I think it’s also good to remember our sinuses and such connect with our eyes. So you’re ensuring you don’t just push whatever somewhere else, but flush that as well.
Idea is to minimize potential damage as much as possible, and yeah the literal eye is the obvious first and “most important” thing you think of in the moment, but it’s not the only thing at risk.
I got mould killer in my eye. I rinsed it for a few minutes then rang poisons information. They told me to get in the shower with my eyes open for 15 minutes then go to hospital. When I got to hospital the put litmus paper in my eye / the reading was still bad so the sat me over a sink with water running over my eye for another 20 mins.
Let’s find out. You pour a toxic chemical into your eyes, and we’ll ask a few other people to do the same thing. Each person will flush their eyes with water for a different length of time. Some will do it for what you suggest, 1 minute. Others will do it for 5 minutes. Others will rinse for 10 or 15 minutes. Who do you think has a better chance of going blind? That’s why.
You’re trying to alter the molality of whatever is in your eyes. It’s not a matter of time so much as volume. After fifteen minutes, the water will have rinsed so much out that what remains is so dilute you’re basically doing homeopathy. If you could get several litres of water directly in your eyes instantly (volumetrically impossible), then an eye wash would take a couple seconds. But you can’t, so you use a constant application over a longer period of time.
Eye doctor here.
Chemical injuries to the eye are catastrophic.
Irrigating all the chemical out is paramount. It’s not just like washing it off the bench and it’s gone.
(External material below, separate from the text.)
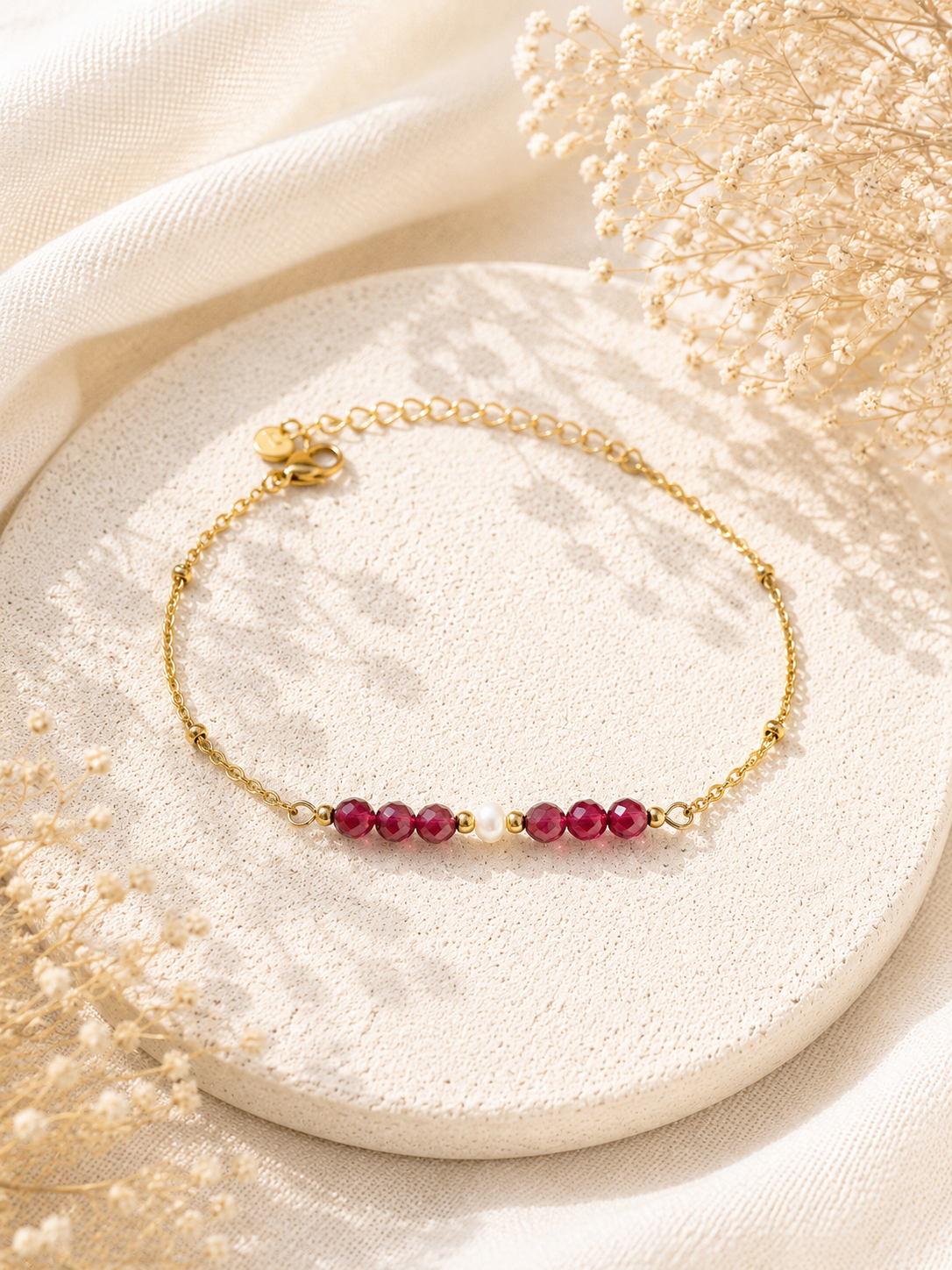 LILI - Golden bracelet, pearl and fine stones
The chemical starts to be in the tissue, burn the tissue, change the pH of the tissue.
So you need to irrigate until it’s normalised. Then the damage can be addressed.
It depends on the chemical and 15 minutes is not enough for proper chemical injuries. Do it at home for 15 minutes before going to the emergency department where they can continue the irrigation if needed.
The other day I gave orders that ended up being 4 gallons of saline gradually trickled into the eye to irrigate it. I believe it took 5 or 6 hours. But every hour the pH was checked and it was still abnormal. So more irrigation was done until it normalised.
The guy had splashed a solution which literally dissolves bone and skin into his eyes. And he escaped without serious injury because it was irritated properly.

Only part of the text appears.